A few months ago I was looking at the books in my book cases and had one of those “aha” moments. The majority of my books were by male authors, very few were by female writers. I hadn’t consciously been avoiding women writers, it was just one of those things. I found it really quite odd, and wondered why subconsciously I may have been avoiding them.
When I was in San Francisco earlier this year I’d read, not only a women writer, but also a feminist woman writer – Rebecca Solnit’s book ‘Call Them By Their True Names‘ (American Crises And Essays) – and thoroughly enjoyed it.
So, I am now consciously trying to read as many women writers as I do their male counterparts. With that in mind I recently picked up Rachael Weiss’s memoir about her time in Prague ‘The Thing About Prague’ – printed in 2014. Suddenly waking up to the fact that she was not only still single, but also ‘middle aged’ and having nothing better to do at the time, she decides to pack everything up and move to Prague.
Prague is one of my favourite cities in the world, alongside Paris, so I hoped that in reading Ms Weiss’s book it would bring back some happy memories. It did, kind of, but Rachael was there long term as a resident and owner of an apartment, doing the things that residents do….like living their lives… where as I was simply there doing touristy things for a week.
Rachael’s relationship with Prague was more meaningful in that she became, or tried hard to become, part of the community there. She left her home and her pet cat back in Australia to head for the birthplace of her father, to carve out a new and more satisfying literary lifestyle. Her frustrations with the Czech language and with pedantic Czech bureaucracy comes to the boil, overflows even, numerous times as she battles officialdom – what was left over after 40 years of communist rule – trying to firstly obtain her resident visa and then to sort out the mess made by another bureaucrat who changed her job description….trying to be helpful, but in doing so created a mountain of problems for her.

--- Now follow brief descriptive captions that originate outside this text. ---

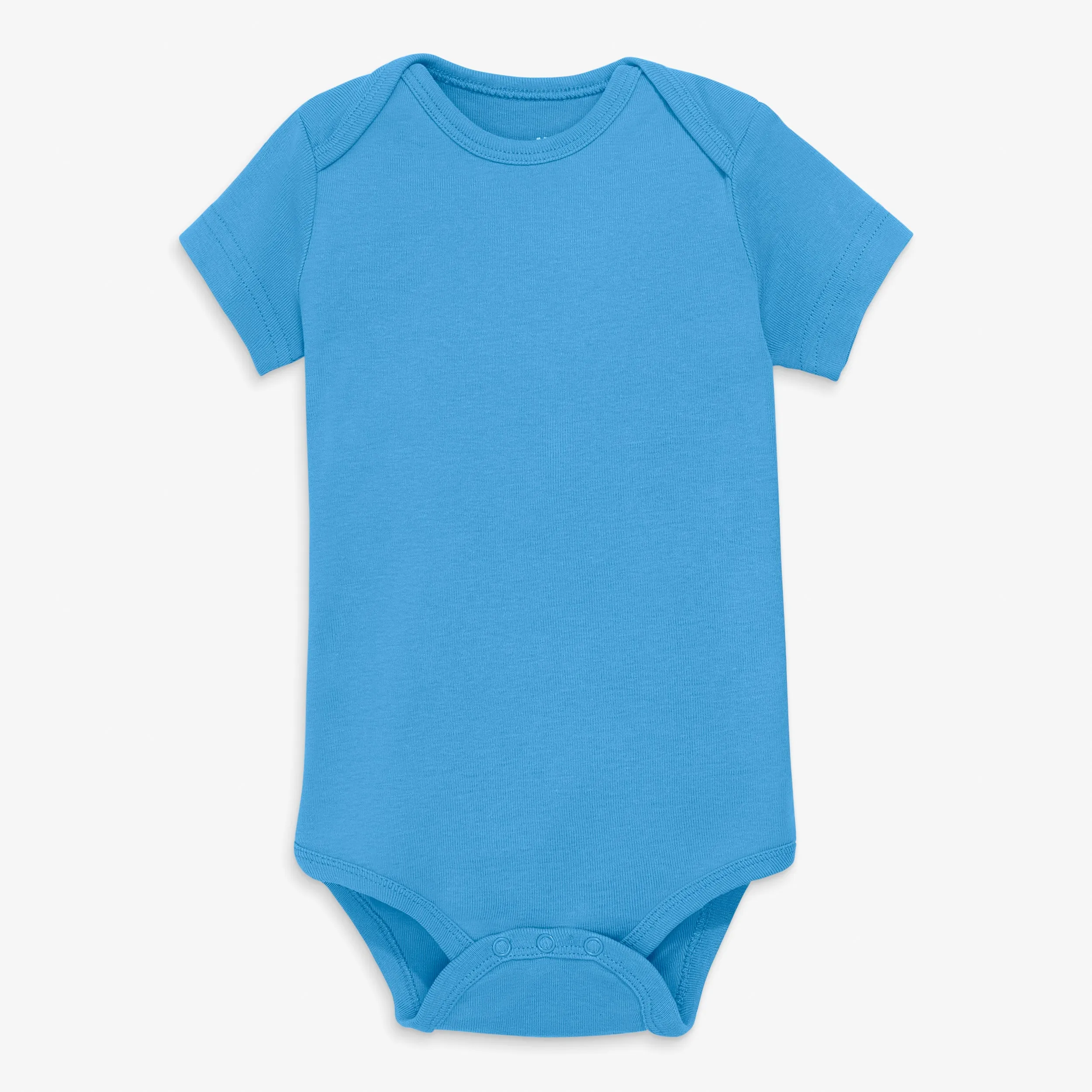 Clearance Organic Short Sleeve Babysuit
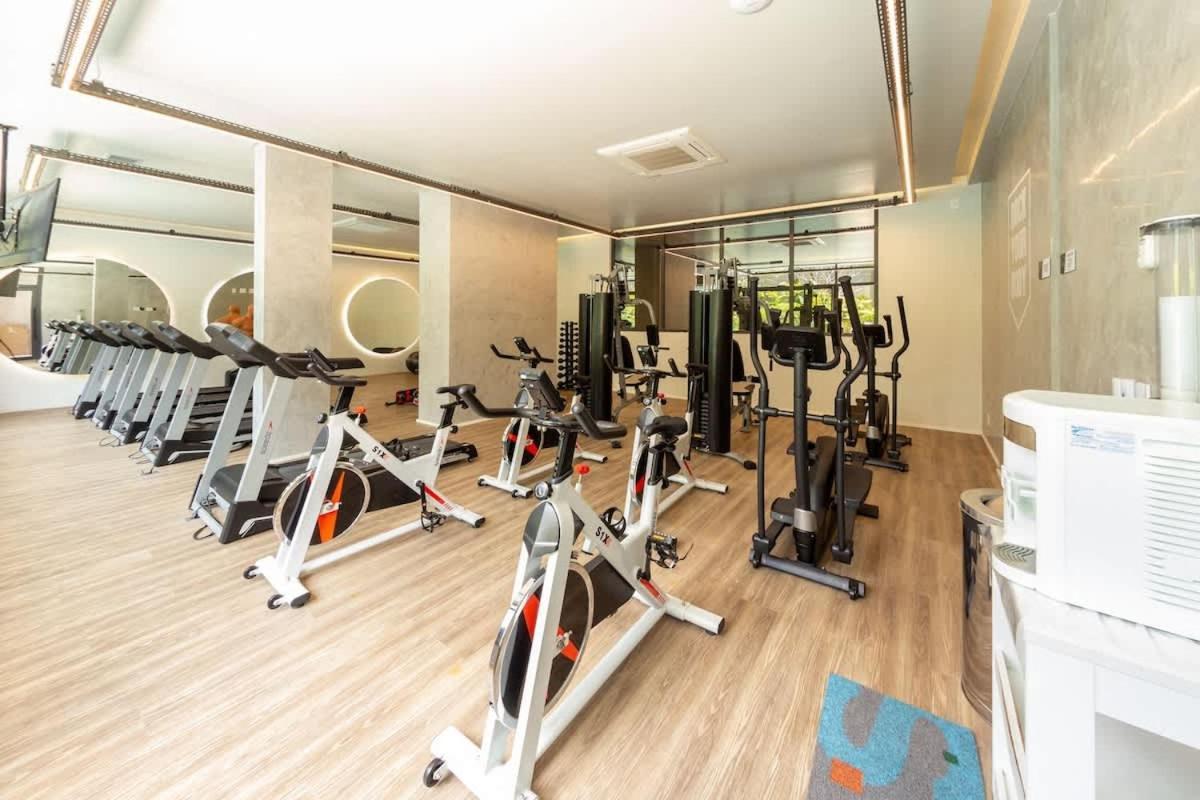 Apartment Bhomy Paraiso - A 3min Do Metro Paraiso Cod1709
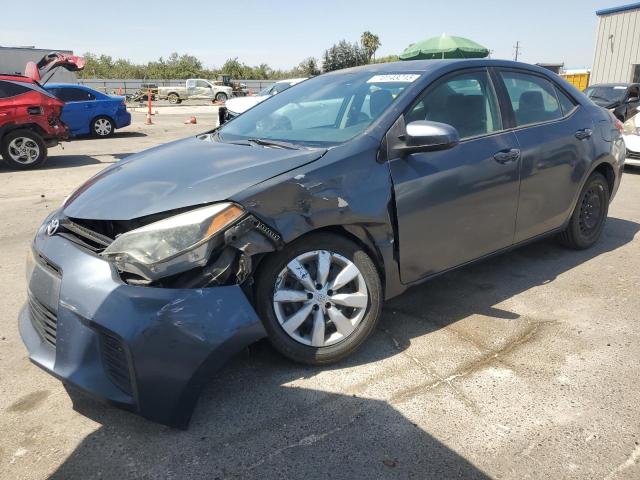 2014 TOYOTA COROLLA L - 5YFBURHE5EP166299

It’s a nice easy read. The words and sentences flow well. She doesn’t feel the need to impress us by using complicated words that would require a quick dip into the thesaurus. It’s simply a straightforward look at the three year period of her life spent living in Prague….a city that whilst bohemian, historic and magical is anything but straightforward.
Her adventures, or should that be mis-adventures, find her doing jobs that she doesn’t like, for people she would rather avoid, but also inexplicably becomes romantically fixated on (like Leonard who foams at the mouth when excited, and spits when he talks – a real catch!)…saw her somehow leading services in a Jewish synagogue – which was more a case of ‘forgive me lord for I know not what I do’…..find her lost in the woods on a hike with a very unattractive Kyrgyzstani who has cannibalistic fantasies….and she spends lots of time in bars partaking in the traditional Czech pastime of drinking copious amounts of alcohol. All while trying to find the time, and to create the right atmosphere, for writing that all important novel.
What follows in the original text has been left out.